Üppig

Linksbündig Warum wir keine andere Filmförderung brauchen

Über die Frage, ob die falschen Filme gefördert werden, wird in Deutschland diskutiert, so lange es direkte und verdeckte staatliche Subventionen für die Filmbranche gibt. Zu Zeiten des Neuen Deutschen Films hieß es Kunst gegen Kommerz. Dann lautete die Losung deutsche oder auch europäische Avantgarde gegen verachtetes Hollywood-Entertainment. Der Autorenfilmer Christoph Hochhäusler (Milchwald, Falscher Bekenner) hat die Frage in seinem Blog wieder aufgeworfen und eine filmpolitische Debatte angestoßen, die von einem weit verbreiteten Unbehagen an der deutschen Förderpraxis getrieben ist: Heute, so Hochhäusler, laufe die Frontstellung zwischen kleinen, billigen und großen, teuren Produktionen.
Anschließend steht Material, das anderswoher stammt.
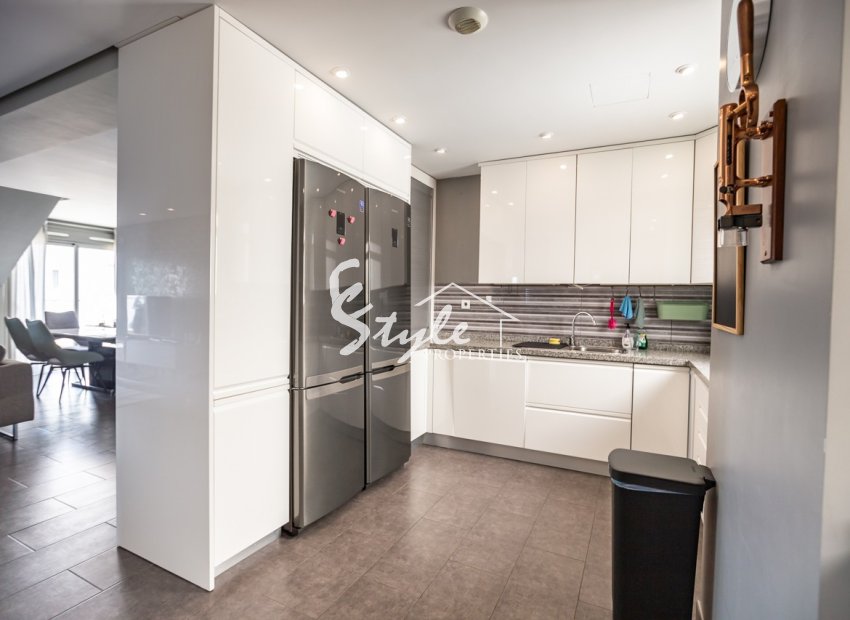 Вторичное жилье - Apartment Penthouse - Villamartin, Orihuela Costa - Вилламартин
Die Budgets sind gestiegen, seit der deutsche Film sich international an der Kasse bewähren muss. So werden immer mehr Filme gefördert, die auf diesen großen, internationalen Markt zielen und dabei die Infantilität und den Kitsch bedienen müssen, die zwangsläufig mit der Herausbildung eines globalisierten Massengeschmacks verbunden sind. Hochhäusler nennt es selbst "hässlich und anstößig", dass er Namen und Titel nennt: Marco Kreuzpaintners zehn Millionen-Produktion Krabat. Dieser mittelalterliche Hexenmeister-Film hat so viel Geld verschlungen wie sieben bis acht Filme von Christian Petzold, dessen Film Jerichow in diesem Jahr als deutscher Beitrag im Wettbewerb von Venedig lief.
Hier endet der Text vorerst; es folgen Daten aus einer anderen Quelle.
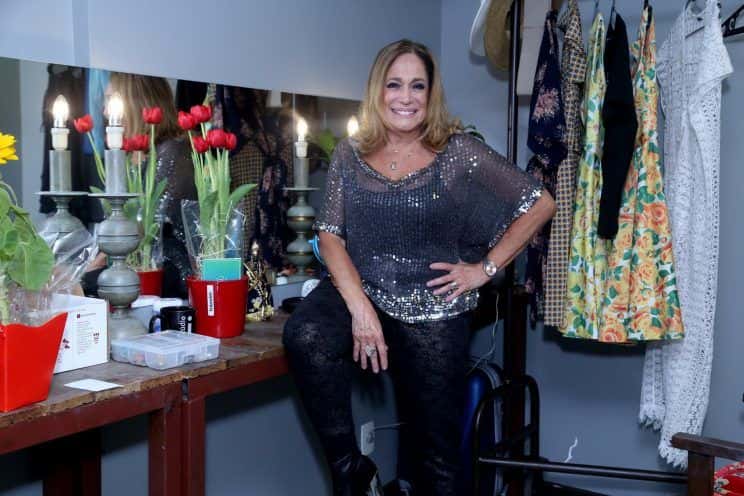 Susana Vieira arranca risada com declaração (Foto: Reprodução)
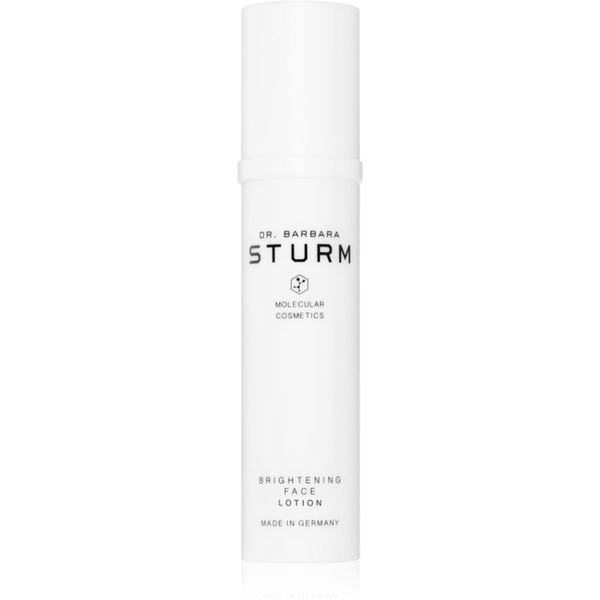 Dr. Barbara Sturm Dr. Barbara Sturm Brightening Face Lotion mlijeko za lice (posvjetljujući) 50 ml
Die Nennung von Namen ist in Deutschland ein mutiger Regelverstoß. Denn ein kritisches, aber nicht beleidigendes Gespräch über Filme und ihre Macher, bei dem nicht nur verdeckt geredet wird, gibt es unter deutschen Filmemachern nicht. Die Branche funktioniert wie eine dysfunktionale Familie. Manche reden mit manchen, aber immer hinter verschlossenen Türen. Es gibt in Deutschland eine üppige Förderlandschaft und ein Fernsehen, das trotz Einbußen, immer noch besser und qualifizierter an Filmprojekten mitarbeitet als anderswo in Europa. Trotzdem haben alle das Gefühl, es sei weniger geworden, weil die Förderungen die "falschen" Filme zuerkannt würden oder die öffentlich-rechtlichen Sender zu wenig Engagement zeigten. Das System der deutschen Filmförderung ist kompliziert, oft widersprüchlich, mit manchmal absurden Folgen. Aber es ist heterogen und man kann es kaum, wie Hochhäusler, "halbseitig planwirtschaftlich" nennen. Jede Filmförderung setzt bei ihren Entscheidungen andere Kriterien an: Der Bundesbeauftragte für Kultur und Medien (BKM) fördert den künstlerischen Film, die Filmförderungsanstalt (FFA) den Film als Wirtschaftsgut, die verschiedenen Länderförderungen Regionaleffekte und Rücksichten auf die Fernsehsender als Gesellschafter. Dazu noch der Deutsche Film Fonds, der seine Millionen als Schlussfinanzierer über drehfertige Projekte gießt und - wie man jetzt schon weiß - auch kleine Filme davon profitieren lässt. Das Geld hat die handwerkliche Qualität des deutschen Films auffällig gebessert. Aber Handwerk führt nicht zwangsläufig zu Kunst. Der deutsche Autorenfilm, der mit Kunstanspruch imprägniert war, misstraute dem Handwerk, das sich über einen Kanon von Regeln definiert und zum nach allen Seiten hin abgesicherten Qualitätskino führt. Er betrachtete es als Fessel für seine ästhetische Suche: ein Denken in Bildern. Der "kleine radikale, schmutzige" Film hatte von jeher den Kunstverdacht auf seiner Seite. Darin steckte die tief deutsche Auffassung, "wahre Kunst" könne nur radikal gegen etwas entstehen, in vollkommener, abstrakter Freiheit.

Diese Auffassung ist immer noch Kern der Debatte, die Hochhäusler angestoßen hat. Jedes Nachdenken darüber bedingt eine Neudefinition der Förderpraxis. Voraussetzung ist aber, intellektuelle Substanz aufzubringen, die hinausgeht über das, was für Kreuzpaintner das entscheidende ist: Herz.